DOI PyPI version Anaconda-Server Badge Run unit tests License

VAFator annotates the variants in a VCF file with technical annotations from multiple BAM files. Supports annotating somatic variant calls with the annotations from the normal and the tumor samples; although it can also be used for germline variant calls.

Annotations:

  • Allele frequency (AF): ratio of reads supporting the alternate allele.
  • Allele count (AC): count of reads supporting the alternate allele.
  • Depth of coverage (DP): number of reads covering the position of the variant

Outputs a VCF with the following annotations in the INFO field for tumor and normal:

chr1    12345       .       A       G       .       PASS  tumor_af=0.0;tumor_ac=0;tumor_dp=89;normal_af=0.0196;normal_ac=1;normal_dp=51
chr2    12345       .       A       G,T       .       PASS  tumor_af=0.2,0.2;tumor_ac=2,2;tumor_dp=10;normal_af=0.0,0.0;normal_ac=0,0;normal_dp=10

NOTE: notice that VAFator does not annotate samples in the FORMAT field

How to install

Install from PyPI (pip install vafator) or from bioconda (conda install bioconda::vafator).

How to run

Run as follows:

vafator --input-vcf /path/yo/your.vcf \
--output-vcf /path/yo/your_vafator.vcf \ 
--normal-bams /path/to/your_normal.bam \
--tumor-bams /path/to/your_primary_tumor.bam,/path/to/your_metastasis_tumor.bam

Both tumor and normal BAMs are optional, it can annotate only with the tumor BAMs or with the normal BAMs.
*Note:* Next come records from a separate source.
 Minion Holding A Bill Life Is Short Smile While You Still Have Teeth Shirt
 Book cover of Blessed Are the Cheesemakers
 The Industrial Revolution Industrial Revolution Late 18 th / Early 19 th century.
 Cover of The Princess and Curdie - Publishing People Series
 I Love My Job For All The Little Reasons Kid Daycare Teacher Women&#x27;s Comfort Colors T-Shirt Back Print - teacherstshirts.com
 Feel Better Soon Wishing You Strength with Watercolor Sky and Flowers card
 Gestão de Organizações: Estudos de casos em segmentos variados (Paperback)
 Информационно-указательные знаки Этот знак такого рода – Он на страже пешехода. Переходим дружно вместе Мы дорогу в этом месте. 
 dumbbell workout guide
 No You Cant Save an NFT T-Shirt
If more than one BAM is provided for either the tumor or the normal then the annotations are calculated across all BAMs and for also each of them separately (eg: tumor_af provides the allele frequency across all tumor BAMs, tumor_af_1 and tumor_af_2 provide the allele frequency on the first and second BAM respectively).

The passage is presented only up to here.